Remember I said I’m going into the fourth grade? In two weeks I’ll be in my fourth-grade classroom. My new teacher’s name is Mrs. Dixon. I’ll tell her you’re my mother and Big Ma is my grandmother because she’ll see Big Ma at the parent-teacher confrens and she won’t see you.
Pa is getting married to a nice lady with groovy makeup and clothes. I’m going to be the flower girl. I will look pretty in my flower girl dress. I want my dress to be yellow, pink, or violet.
Delphine is a giant crab.
Yours truly,
Vonetta Gaither
Fern wrote:
To Nzila
I like leaves in the summer.
I like leaves in the fall.
There’s no leaves in the winter.
So don’t leave
Afua.
She made the first A in Afua extra large and the small a with a curly tail to match the way Cecile signs her poems in movable-type printing blocks. A large and fancy N and a fancy z with a tail.

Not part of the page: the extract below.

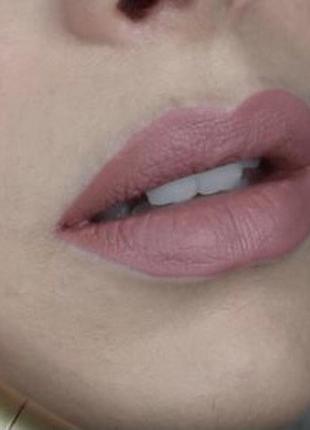 Матовая помада для губ too faced melted matte long wear lipstick в оттенке sell out.3 фото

I said, “Fern, you forgot the period.”
She pointed to the one after her name and said, “There it is.”
I pointed to the word leave. “It goes there. After ‘don’t leave.’”
She said, “No, it doesn’t.”
I said, “It’s wrong, Fern.”
She bobbed her little turtle head and snapped, “It’s right so don’t touch it.”
“Fine,” I said. “Send it that way.”
“I’m sending it that way, and you better not touch it.” She folded her arms, happy to be wrong.
I checked Vonetta’s letter and rolled my eyes about the “giant crab” part.
“You shouldn’t write all of this stuff about Cecile being big and how that lady Pa’s marrying is nice.”
“Cecile is big. Bigger than Big Ma. Bigger than you,” Vonetta said. “And Pa’s fiancée is nice and wears nice clothes.”
“Surely is. Surely does.”
“That still doesn’t mean you should write it,” I said. How could she use that word? Fiancée. Pa’s fiancée.
“You can’t tell us what to write. We have the freedom to write what we want.”
“And to put a period where we want to.”
“And to say Miss Hendrix is nice.”
“Power to the people.”
“Power to the people, right on.”
I wanted to write a letter to Hirohito but I didn’t know his house number. If I took a guess and sent it, and the post office returned it, Big Ma would get my letter first. She’d probably open it and read it and tell me I was too young to be writing to a boy.
I decided to write to my mother instead. Cecile had already told me to mind my business about her feelings and about Pa, but I still wanted to know why my parents didn’t get married. Why my father bought Miss Marva Hendrix a ring but he didn’t buy one for my mother.
Instead, I told Cecile how I tried to help Vonetta and Fern with their letters but they didn’t want my help. I said Vonetta and Fern were driving me crazy and that I couldn’t wait for school to start so I could officially be in the sixth grade.
I didn’t ask her for Hirohito’s address like I wanted to. She’d make a big federal case out of it like Big Ma had and write back and say things that made me feel bad or want to scratch my head. I just closed my letter with “Yours truly” and my name.
If Cecile cared where Fern put her period and if Papa’s lady friend was nice, or if Vonetta planned on being a flower girl, she didn’t mention it in her letter to me. When the envelope with an Oakland, California, postmark arrived, I opened it and gave Vonetta her letter and Fern hers. I thought they would read their letters out loud, but they took them and ran back to their room.
To me she wrote:
Dear Delphine,
You all have something. I saw it at the rally. Vonetta is a natural-born performer. She can open her mouth and holler when she wants to.
That Little Girl is a natural-born poet. You saw her being born on the kitchen floor, and I saw a poet being born up on that stage. Her rally poem isn’t exactly Longfellow but it is a running start. She might run far. Let her go. Let her run.
Don’t concern yourself with old things. Concern yourself with finding your own thing. But don’t rush. Listen to Billie sing, “God bless the child who has her own.” Enjoy the time it takes to find your own.
Study hard.
Your Mother.
Cecile
P.S. Be eleven.
She’d written it again. “P.S. Be eleven.”
I stared at it like it was the wrong grade marked on the bottom of my paper. My mother was a touch crazy, not dumb. But now I felt dumb because I didn’t know Billie or why Cecile had written that twice. “P.S. Be eleven.”
I was eleven. How could you become what you already were?